### MATERIAL PROVIDED
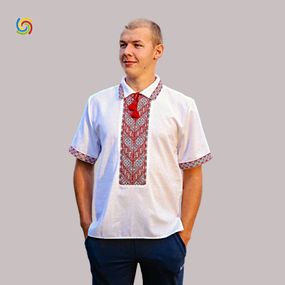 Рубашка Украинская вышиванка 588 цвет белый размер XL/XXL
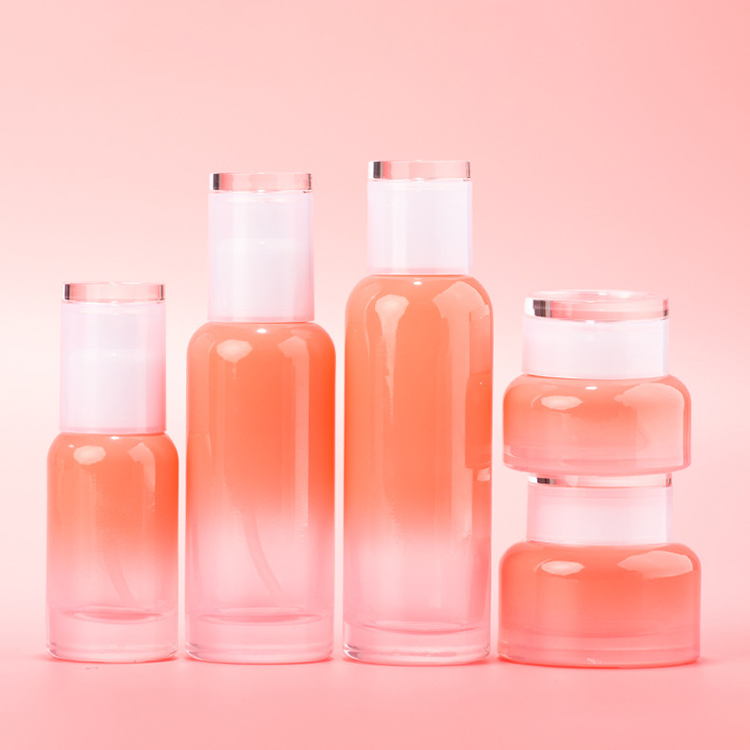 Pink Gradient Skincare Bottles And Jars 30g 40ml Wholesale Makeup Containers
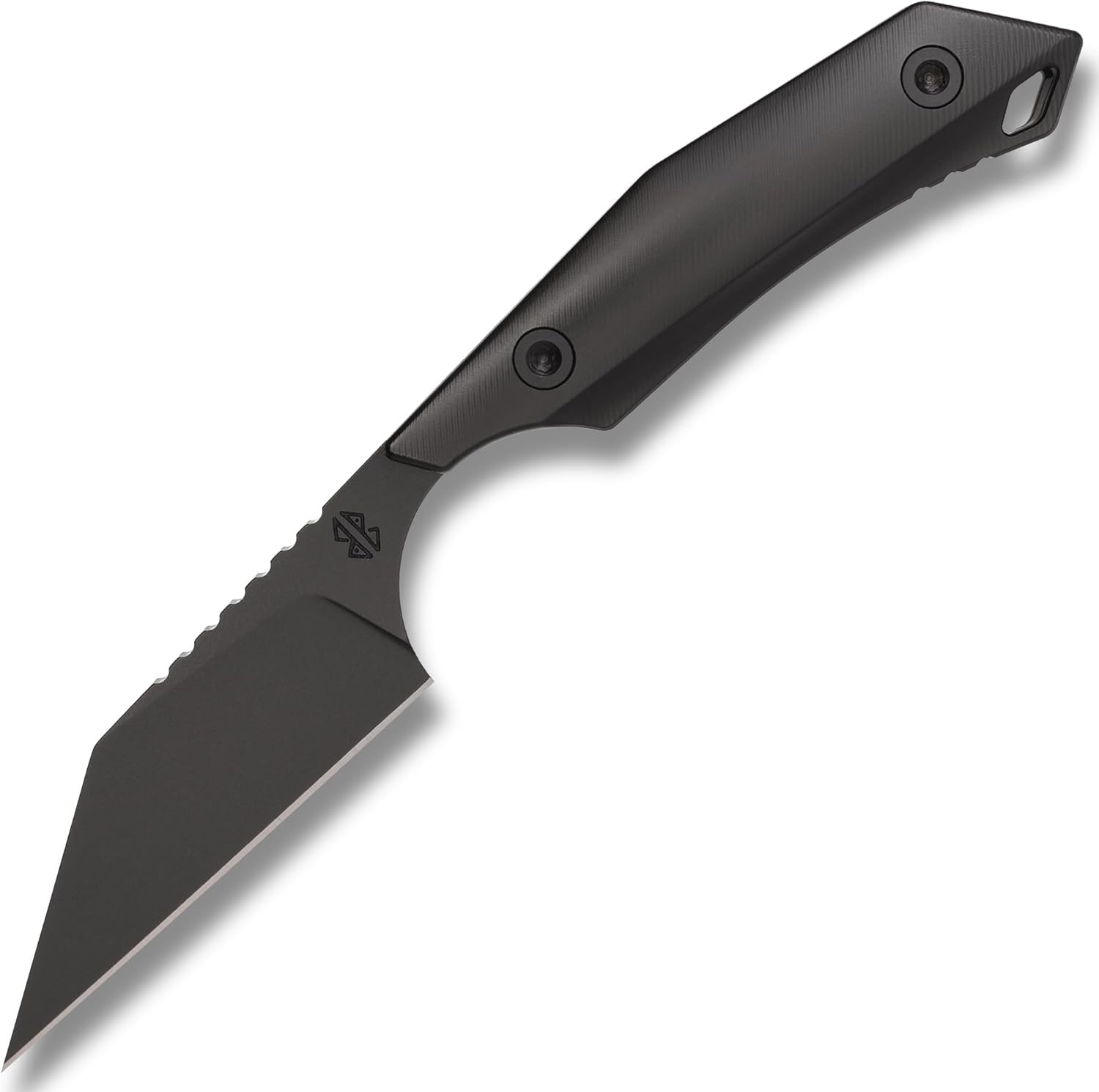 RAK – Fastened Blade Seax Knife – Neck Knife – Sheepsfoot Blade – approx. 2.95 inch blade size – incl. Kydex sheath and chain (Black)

### TASK DETAILS
Transcribe all data precisely. Pictures are not copied.

### FINISHED EXERCISE
 Рубашка Украинская вышиванка 588 цвет белый размер XL/XXL
 Pink Gradient Skincare Bottles And Jars 30g 40ml Wholesale Makeup Containers
 RAK – Fastened Blade Seax Knife – Neck Knife – Sheepsfoot Blade – approx. 2.95 inch blade size – incl. Kydex sheath and chain (Black)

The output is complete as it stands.